All the lines below need retyping exactly, apart from the images.

= Given data =
━━━━━━━━
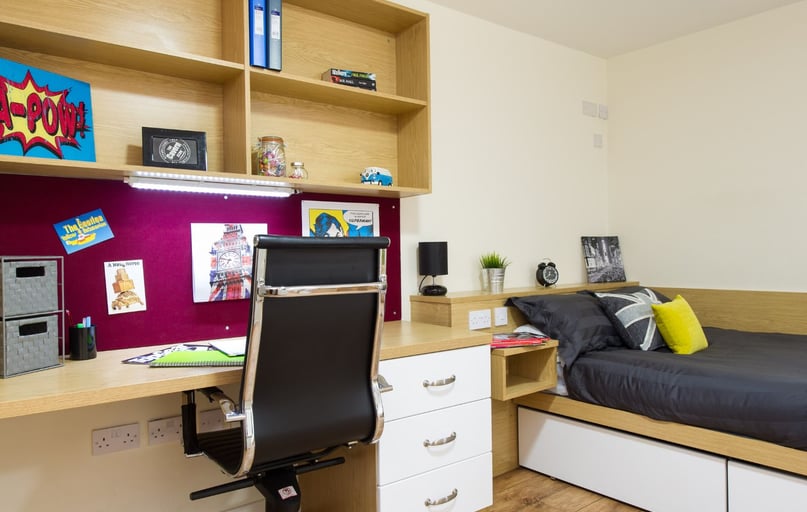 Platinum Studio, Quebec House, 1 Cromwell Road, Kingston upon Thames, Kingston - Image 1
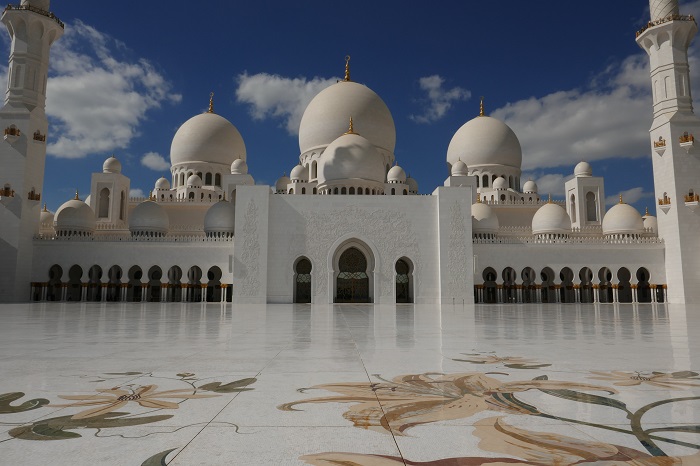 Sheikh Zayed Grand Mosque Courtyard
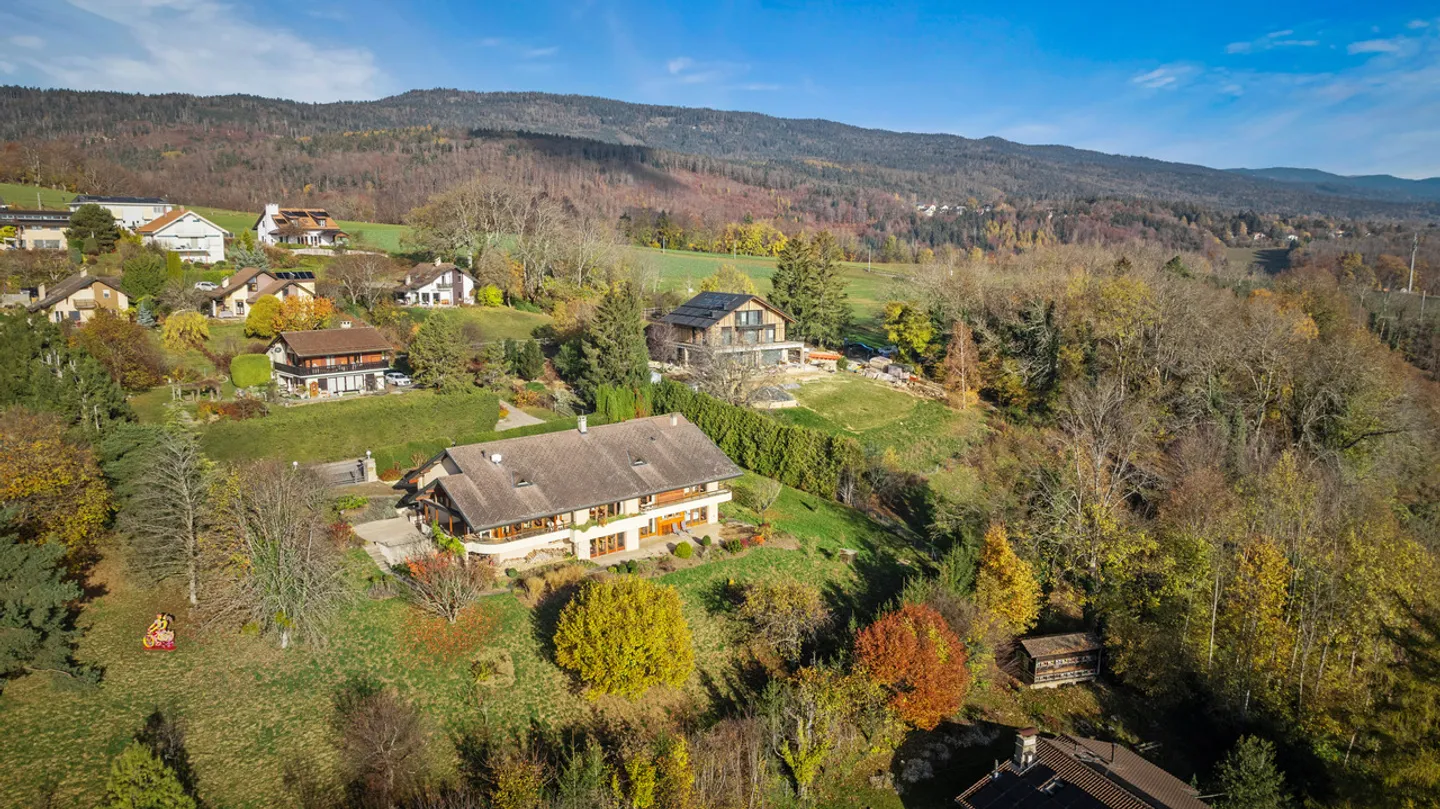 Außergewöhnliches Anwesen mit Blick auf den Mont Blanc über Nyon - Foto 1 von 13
━━━━━━━━
= Response to the task =
 Platinum Studio, Quebec House, 1 Cromwell Road, Kingston upon Thames, Kingston - Image 1
 Sheikh Zayed Grand Mosque Courtyard
 Außergewöhnliches Anwesen mit Blick auf den Mont Blanc über Nyon - Foto 1 von 13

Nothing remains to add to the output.